TASK STATEMENT >> Find the line that holds "Property photo of", then repeat it and each line below it word for word through the end of the listing, leaving out pictures.

STORED DATA >>
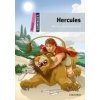 Dominoes Second Edition Level Starter Hercules with Audio Mp3 Pack Dominoes Second Edition Level Starter Hercules with Audio Mp3 Pack
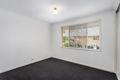 Property photo of 3 Kirrily Court Collingwood Park QLD 4301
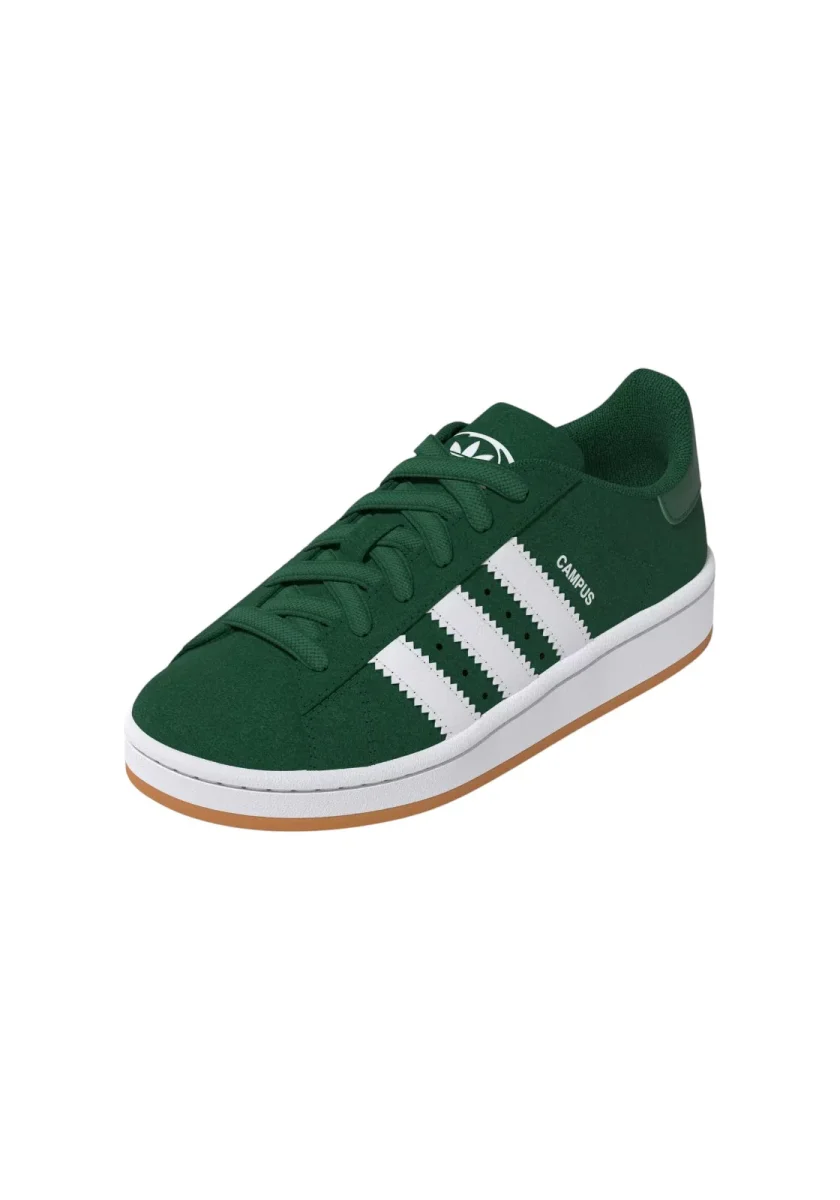 ADIDAS ORIGINALS CAMPUS 00S EL C JI4332 - immagine 4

EXERCISE ANSWER >>
 Property photo of 3 Kirrily Court Collingwood Park QLD 4301
 ADIDAS ORIGINALS CAMPUS 00S EL C JI4332 - immagine 4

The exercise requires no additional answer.